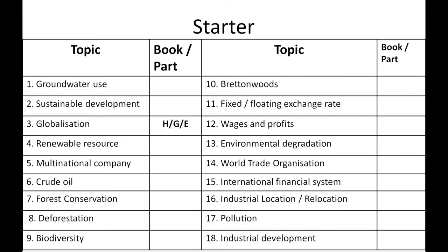The anchor guesses groundwater use belongs to geography, which is partly right — it can also be found in other books. Globalization, for example, can be found in history, geography, and economics. Bretton Woods relates to economics but also appears in history. Students are asked to mark their answers now; tentative answers will be shown on screen at the end of the session.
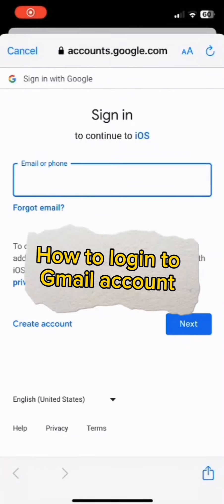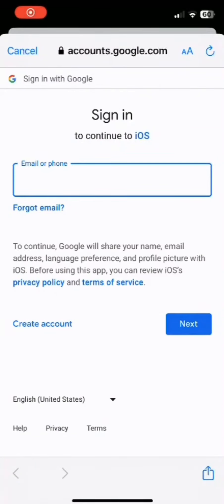How to log into Gmail account. Hi everybody, welcome back to Tech Tube, I hope you all are doing great. So in today's video I will guide you on how you can log into Gmail account. So to get started...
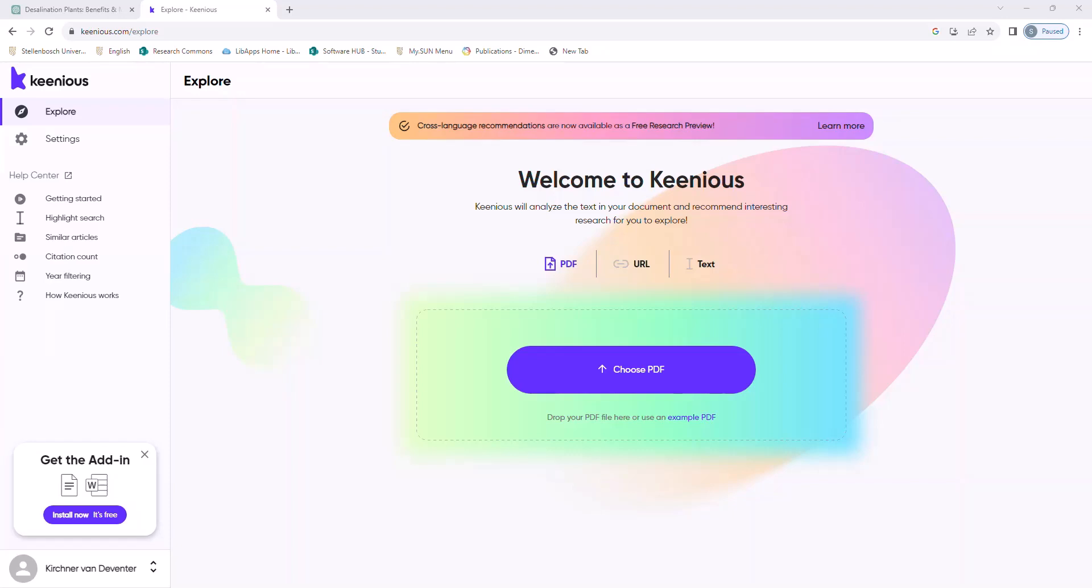Now, Keenious works with Microsoft Word, with Google Docs and with PDF documents. But today I'm going to demonstrate how it works as a plugin in Microsoft Word.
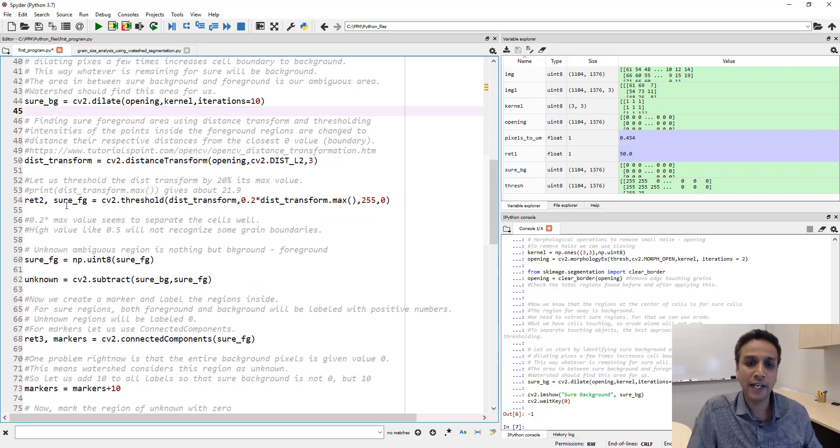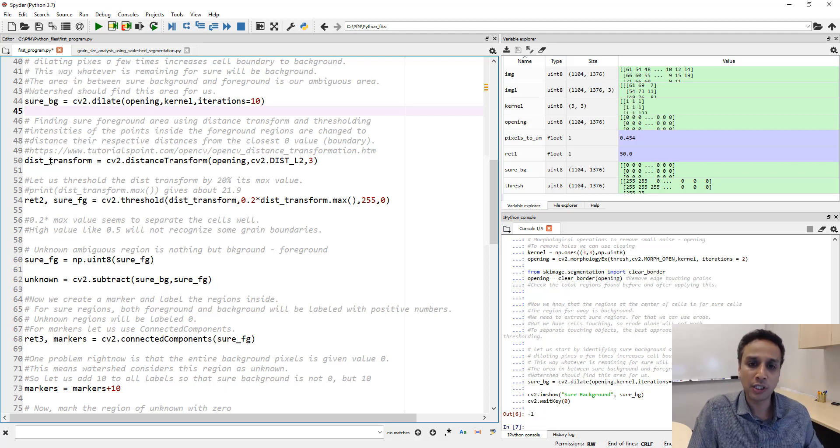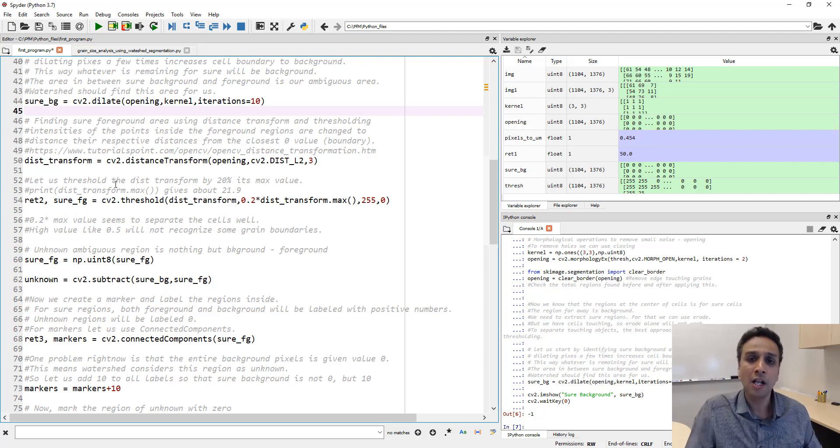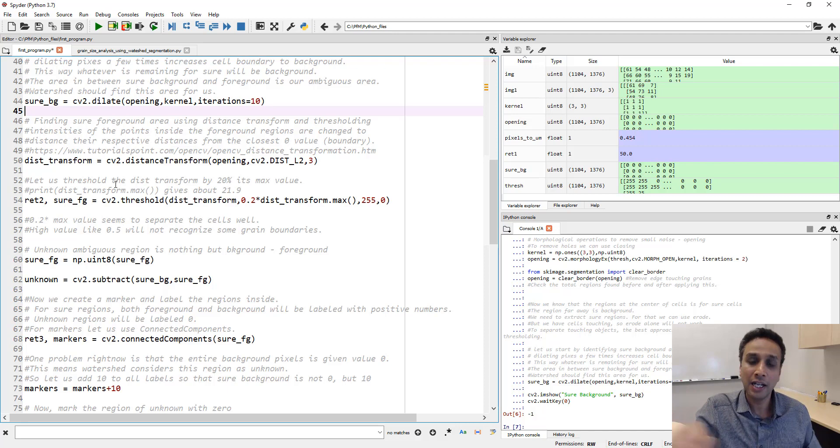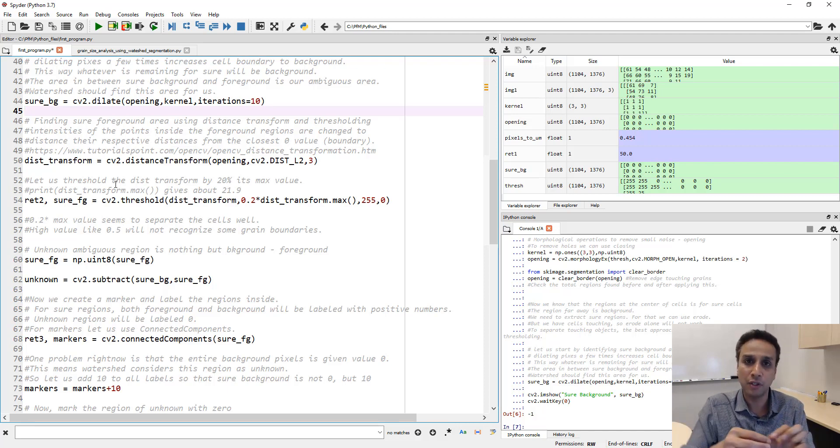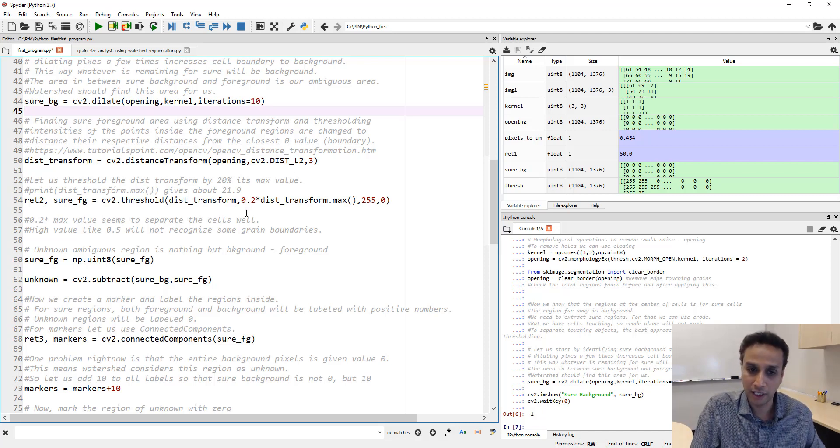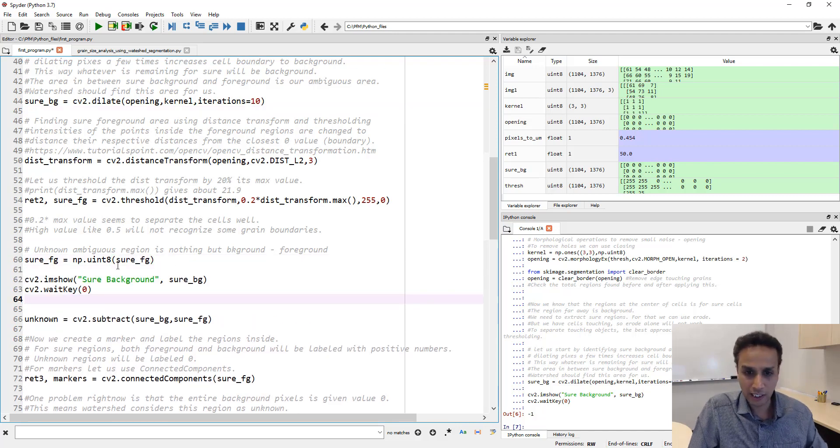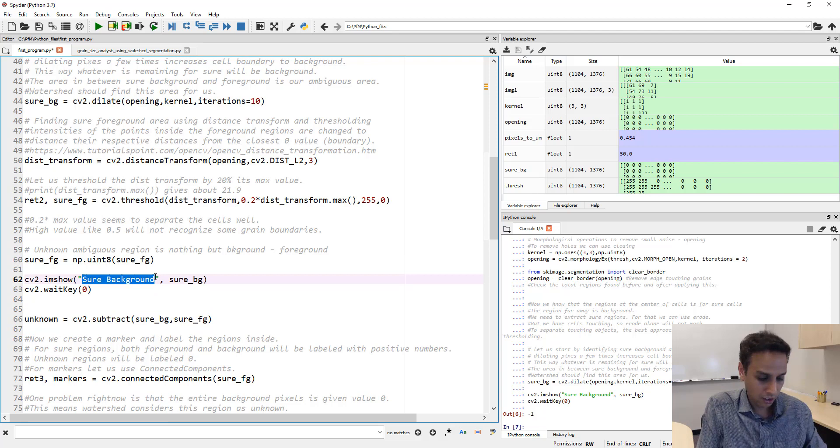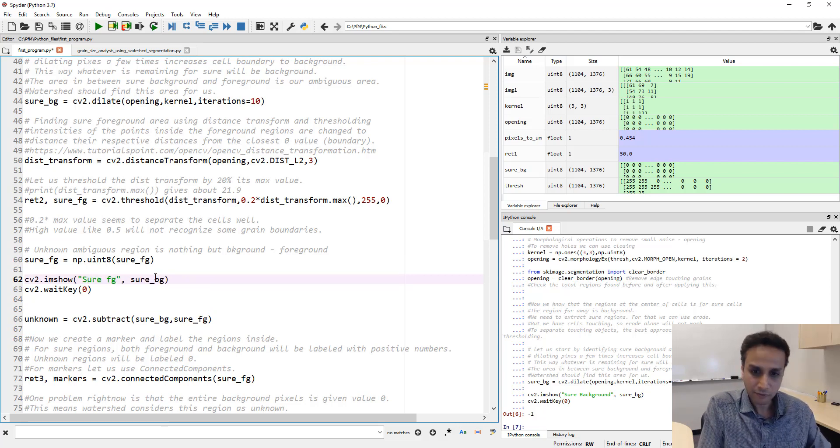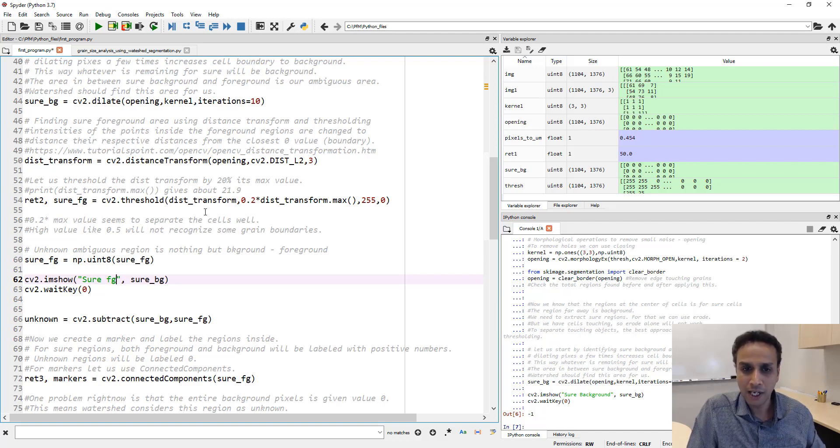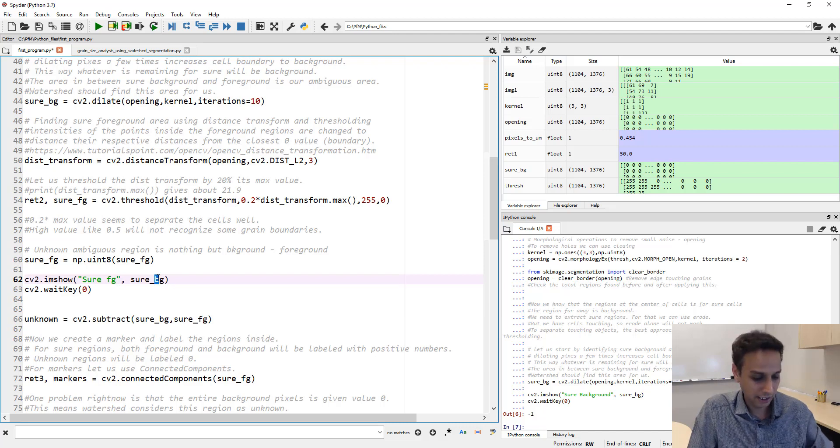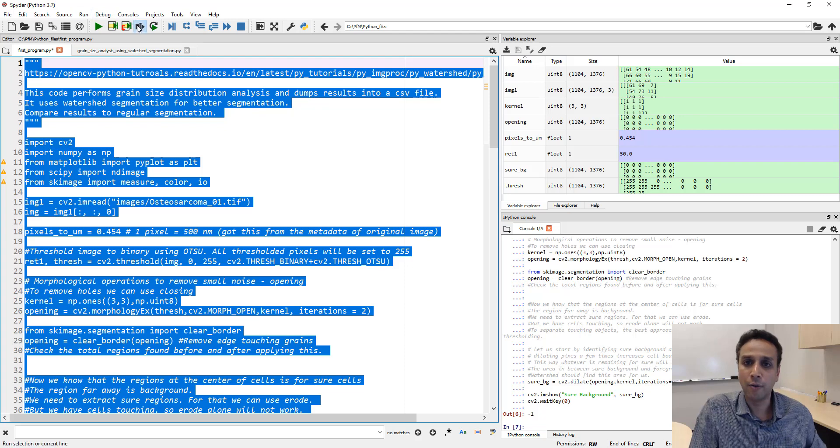The next task is to find out the pixels corresponding definitely to the foreground. For that we use distance transform. Distance transform is nothing but from a given pixel what is the distance to the closest zero or the closest black pixel. The center of the cell would have a very high value because the distance is very long from the center to the boundary. The boundary pixels will have a low value, that's why we need to threshold it accordingly. Let's print out exactly how this image looks like, this is our sure foreground image. I'm taking this distance transform and I am thresholding it to certain value and that's what I'm assigning to sure foreground.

WORK INSTRUCTION:
Leave out the pictures and repeat exactly the lines from the first line of the data through the line containing "How to log into". Add nothing else.

SOLUTION TO THE PROBLEM:
The anchor guesses groundwater use belongs to geography, which is partly right — it can also be found in other books. Globalization, for example, can be found in history, geography, and economics. Bretton Woods relates to economics but also appears in history. Students are asked to mark their answers now; tentative answers will be shown on screen at the end of the session.
How to log into Gmail account. Hi everybody, welcome back to Tech Tube, I hope you all are doing great. So in today's video I will guide you on how you can log into Gmail account. So to get started...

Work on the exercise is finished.